Humanitarianism in Practice: research visit to Rwanda and Uganda

by | Mar 22, 2017 | Staff blogs | 0 comments

by Adil Mohammed.

In January 2017, I had the pleasure to accompany 24 of our masters’ students to Rwanda and Uganda on a research visit to explore humanitarianism in action. The aim of the visit was to give students from our 3 masters’ pathways fieldwork experience in global health, disaster and post-conflict settings.

The 10 day visit was jam packed with numerous activities. In Rwanda we visited the memorial sites from the 1994 genocide, interacted with local NGO’s and communities and visited the Gihembe refugee camp.

In Uganda, some of the visits included meeting LADA (Literacy Action and Development Agency), an organisation that promotes HIV awareness and education. We also spoke to locals that were affected by flash flooding in the area, to understand what preventative measures were put in place. Personally, one element of the research trip that spoke out to me was the Genocide Memorial visit.
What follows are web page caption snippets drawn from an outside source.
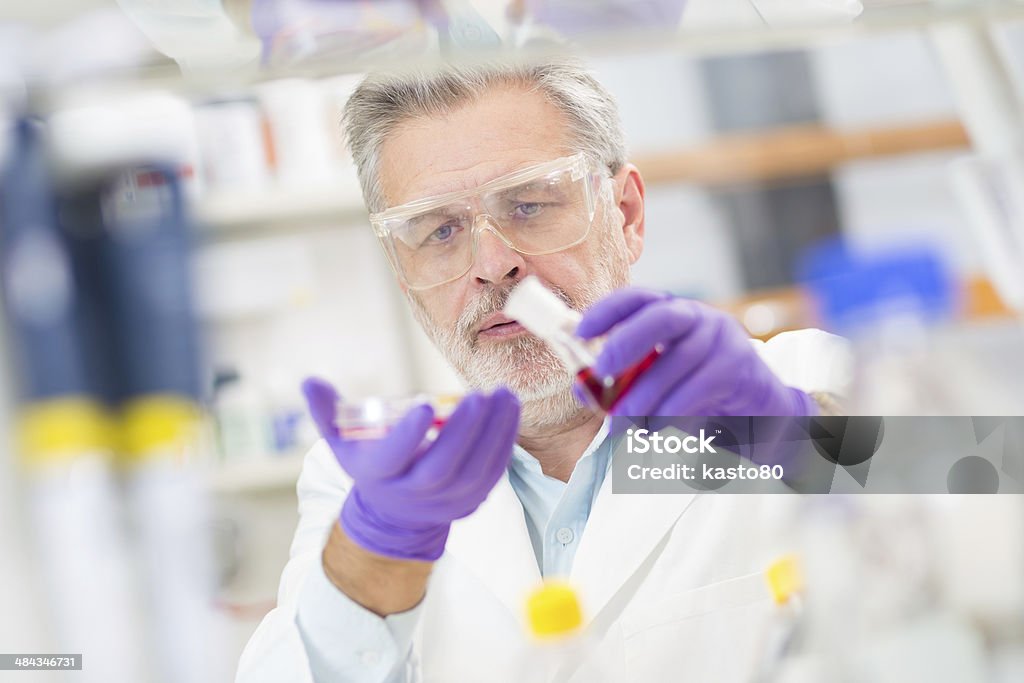Life scientist researching in the laboratory. Life scientist researching in laboratory. Life sciences comprise fields of science that involve the scientific study of living organisms: microorganism, plant, animal and human cells, genes, DNA... Adult Stock Photo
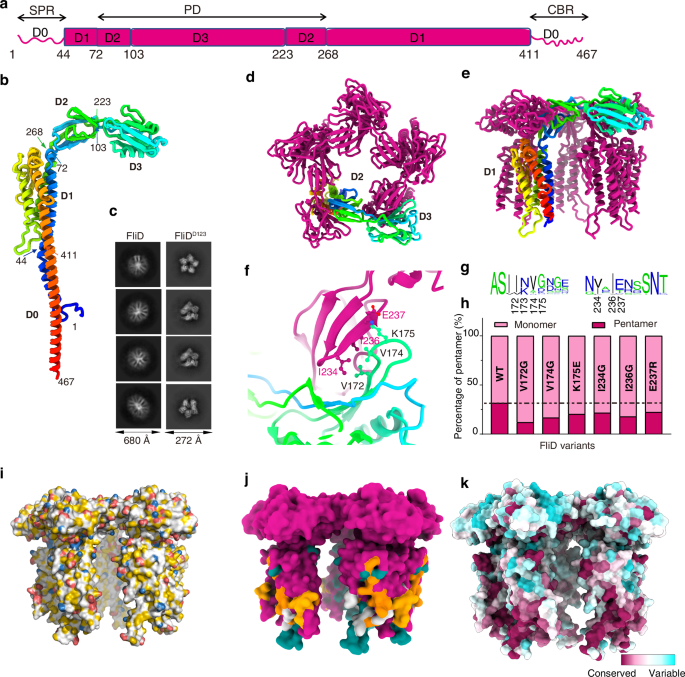 Fig. 2: Structural properties of the filament cap protein FliD.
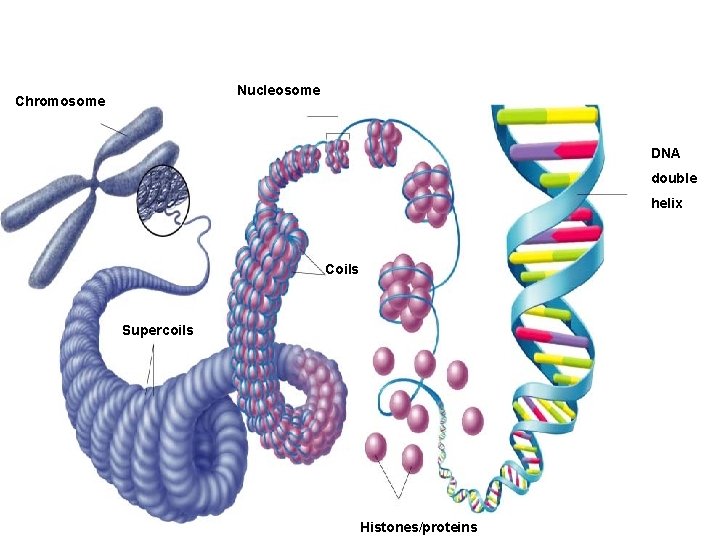 Nucleosome Chromosome DNA double helix Coils Supercoils Histones/proteins 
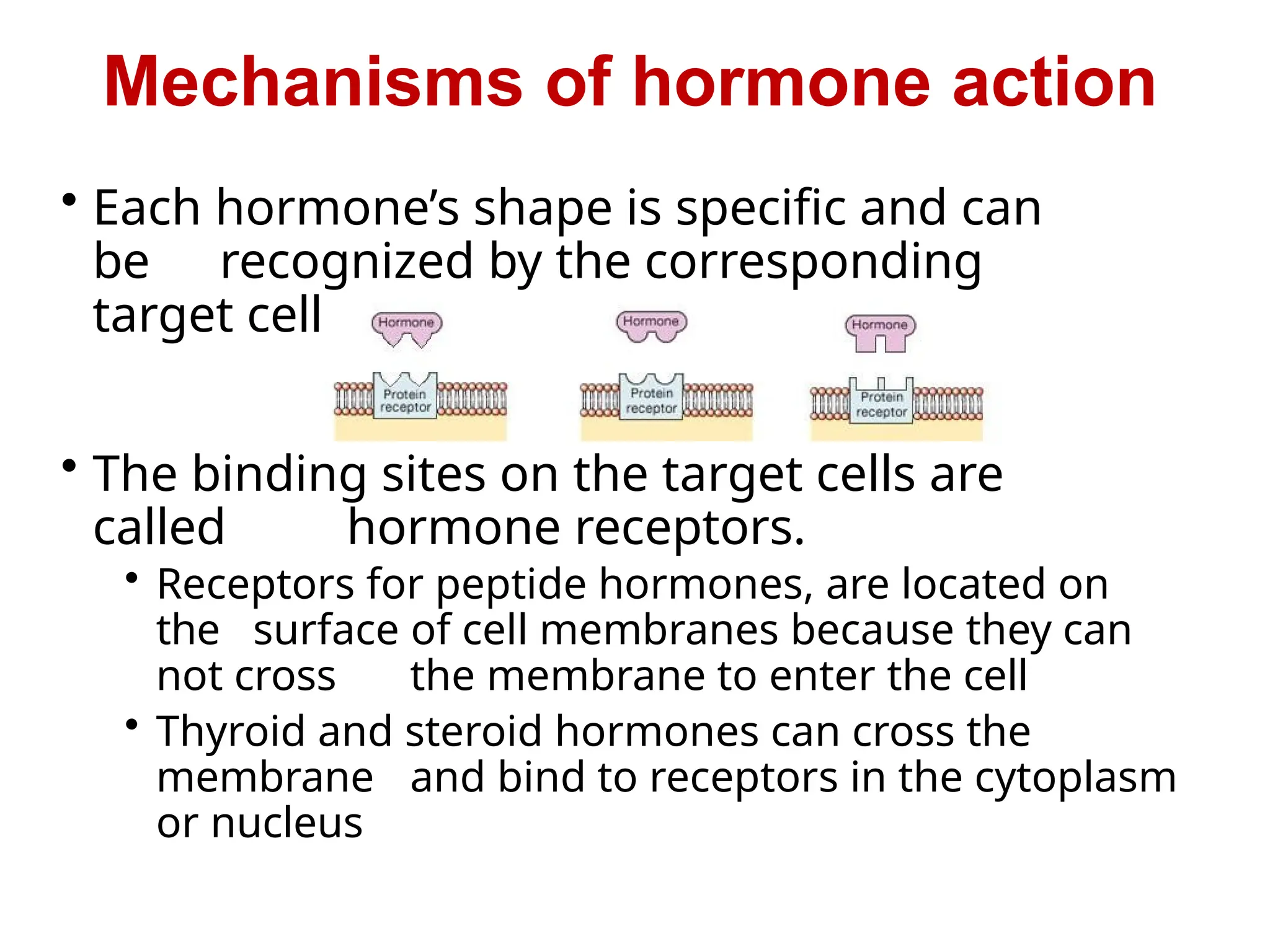 • Each hormone’s shape is specific and can
be recognized by the corresponding
target cells
• The binding sites on the target cells are
called hormone receptors.
• Receptors for peptide hormones, are located on
the surface of cell membranes because they can
not cross the membrane to enter the cell
• Thyroid and steroid hormones can cross the
membrane and bind to receptors in the cytoplasm
or nucleus
Mechanisms of hormone action
 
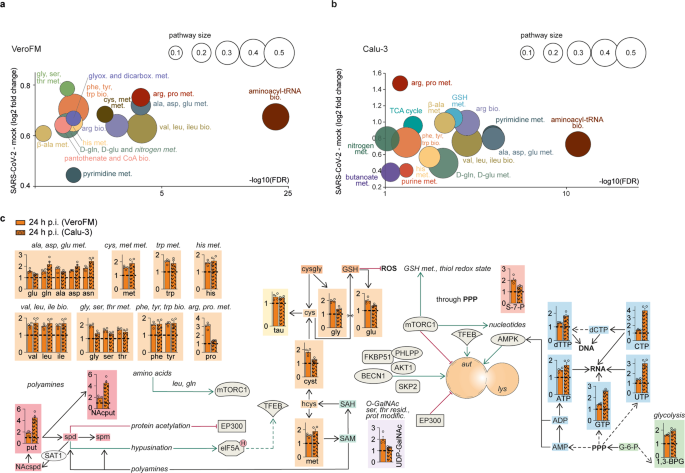 Sars Cov 2 Mediated Dysregulation Of Metabolism And Autophagy Uncovers Host Targeting Antivirals Nature Communications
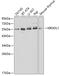KIR3DL1 antibody, 16-473, ProSci, Western Blot image 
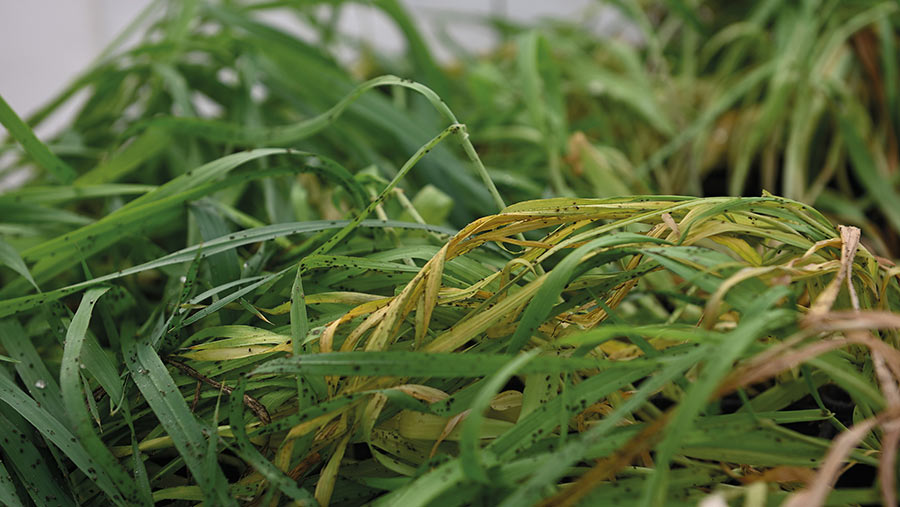 BYDV Research Aphid Colony Acquiring Virus 4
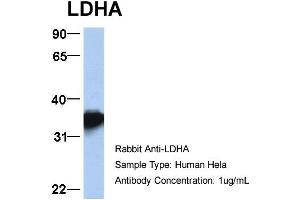 Image no. 2 for anti-Lactate Dehydrogenase A (LDHA) (Middle Region) antibody (ABIN2785876)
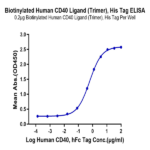 Biotinylated Human CD40 Ligand/TNFSF5 Trimer Protein with the N-His-Flag Tag (Primary Amine Labeling) BP005686 Syd Labs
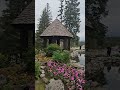 trip to banff alberta 🙌 blessings love nature shortvideos grateful gurbani viralvideo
Visiting the Kigali Genocide Memorial sites had a profound effect upon me and the students. The scale of the violence and the impact it had on its people was disturbing. Witnessing the harrowing stories of murder, and hearing the first-hand accounts of the 1994 genocide truly put into perspective the pain and suffering that so many Tutsi communities (the persecuted group during the genocide) felt. Speaking to the survivors and perpetrator of the violence, one got glimpses of complicated political histories, but also what was being done in order to move forward from the event.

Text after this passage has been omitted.